L'Assemblée nationale pourrait également accepter l'article 9 septies A, qui prévoit que, en cas d'échec d'une comparution sur reconnaissance préalable de culpabilité engagée après une instruction, l'ordonnance de renvoi devient caduque, sauf à ce que le procureur de la République assigne le prévenu devant le tribunal correctionnel.

Nous avons une divergence certaine sur les lanceurs d'alerte, à l'article 9 septies. La rédaction de l'Assemblée nationale était très large : nous avons décidé de la limiter, d'une part, aux crimes et délits, et, d'autre part, aux signalements faits aux autorités judiciaires et administratives, et non aux médias, voire à une entreprise concurrente.

À l'article 10 relatif à l'utilisation dans le cadre de procédures fiscales d'informations d'origine illicite, nous avons souhaité conserver l'encadrement proposé par le Gouvernement en adoptant une définition limitée des pièces concernées et des autorités à l'origine de cette transmission.

Concernant les dispositions relatives aux avocats à l'article 10 bis, nous pensons possible de conserver les modifications introduites par le Sénat visant à étendre aux visites domiciliaires fiscales l'application de l'article 56-1 du code de procédure pénale, qui prévoit un certain nombre de garanties et l'intervention du bâtonnier en cas de perquisition au cabinet ou au domicile d'un avocat.

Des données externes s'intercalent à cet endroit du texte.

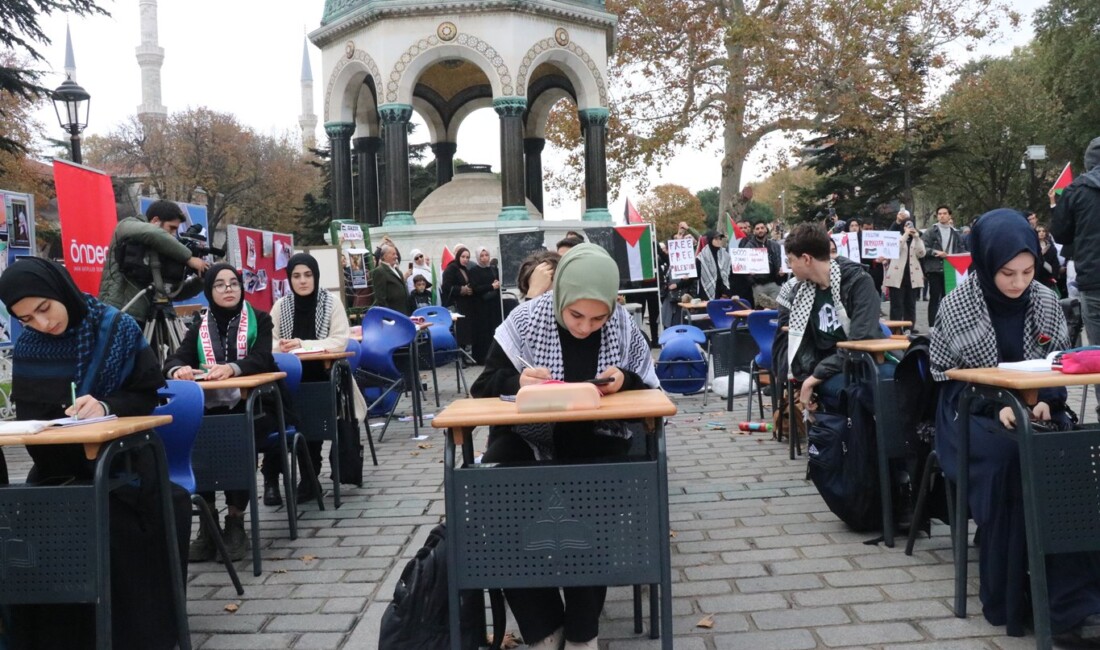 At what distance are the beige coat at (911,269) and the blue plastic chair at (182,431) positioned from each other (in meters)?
13.4

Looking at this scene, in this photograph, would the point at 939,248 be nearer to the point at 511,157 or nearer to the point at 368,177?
the point at 511,157

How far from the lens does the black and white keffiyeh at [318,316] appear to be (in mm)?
6977

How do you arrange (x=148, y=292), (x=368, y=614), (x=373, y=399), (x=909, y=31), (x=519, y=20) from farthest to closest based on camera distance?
(x=909, y=31) < (x=519, y=20) < (x=373, y=399) < (x=148, y=292) < (x=368, y=614)

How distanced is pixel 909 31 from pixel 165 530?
31.7 metres

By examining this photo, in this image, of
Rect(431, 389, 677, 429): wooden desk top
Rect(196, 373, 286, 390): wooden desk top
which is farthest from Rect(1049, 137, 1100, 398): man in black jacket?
Rect(196, 373, 286, 390): wooden desk top

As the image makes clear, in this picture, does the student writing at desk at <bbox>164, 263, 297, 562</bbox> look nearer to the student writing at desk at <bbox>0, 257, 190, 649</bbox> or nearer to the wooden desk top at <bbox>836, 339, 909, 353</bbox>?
the student writing at desk at <bbox>0, 257, 190, 649</bbox>

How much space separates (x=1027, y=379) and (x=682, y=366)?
7046 millimetres

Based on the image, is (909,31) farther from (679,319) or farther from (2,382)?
(2,382)

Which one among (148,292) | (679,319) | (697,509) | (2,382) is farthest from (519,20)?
(697,509)

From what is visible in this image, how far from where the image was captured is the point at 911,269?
15.6 metres

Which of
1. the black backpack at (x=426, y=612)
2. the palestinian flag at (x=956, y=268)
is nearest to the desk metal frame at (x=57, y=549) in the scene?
the black backpack at (x=426, y=612)

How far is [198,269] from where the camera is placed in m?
7.15

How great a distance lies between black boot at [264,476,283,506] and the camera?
644cm

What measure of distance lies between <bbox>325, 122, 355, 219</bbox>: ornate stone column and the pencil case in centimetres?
2035
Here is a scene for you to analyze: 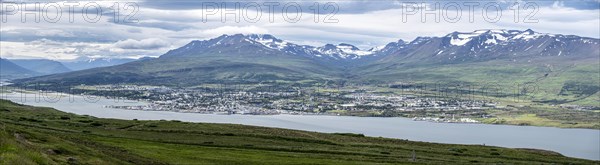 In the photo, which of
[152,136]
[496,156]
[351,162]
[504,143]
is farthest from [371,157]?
[504,143]

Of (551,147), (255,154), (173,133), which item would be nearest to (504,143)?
(551,147)

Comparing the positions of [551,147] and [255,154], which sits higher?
[255,154]

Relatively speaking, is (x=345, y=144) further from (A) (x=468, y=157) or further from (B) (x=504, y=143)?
(B) (x=504, y=143)

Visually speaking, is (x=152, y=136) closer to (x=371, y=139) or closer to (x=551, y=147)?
(x=371, y=139)

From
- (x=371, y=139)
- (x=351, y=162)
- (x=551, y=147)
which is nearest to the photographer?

À l'article 10 quinquies, qui concerne les caisses des règlements pécuniaires des avocats, nous pensons qu'à partir du moment où la transaction alimentant ces caisses a pour origine une procédure juridictionnelle, il n'y a peut-être pas lieu à signalement.

À l'article 11 bis C, nous avons fixé à 10 000 euros le montant maximal des amendes pouvant être prononcées en cas d'opposition à la copie de documents par l'administration fiscale. Si le montant de 10 000 euros adopté par le Sénat peut être modifié pour trouver un plafond approprié, une telle limitation nous paraît nécessaire pour respecter le principe de proportionnalité des peines.

À l'article 11 sexies, l'Assemblée nationale a prévu de doubler le délai de prescription en matière fiscale en le portant à six ans, ce qui ne nous semble pas être une bonne idée, car cela conduirait à avoir une durée exorbitante dans la seule matière fiscale et pourrait conduire à rallonger d'autant la durée d'instruction.

En ce qui concerne l'article 11 decies A relatif à l'optimisation fiscale des grands groupes, l'Assemblée nationale pourrait l'accepter en le retravaillant et en précisant les conditions de son entrée en vigueur.

Le reste des dispositions du projet de loi concerne les dispositions alternatives à la création du procureur financier que le Sénat a adoptées.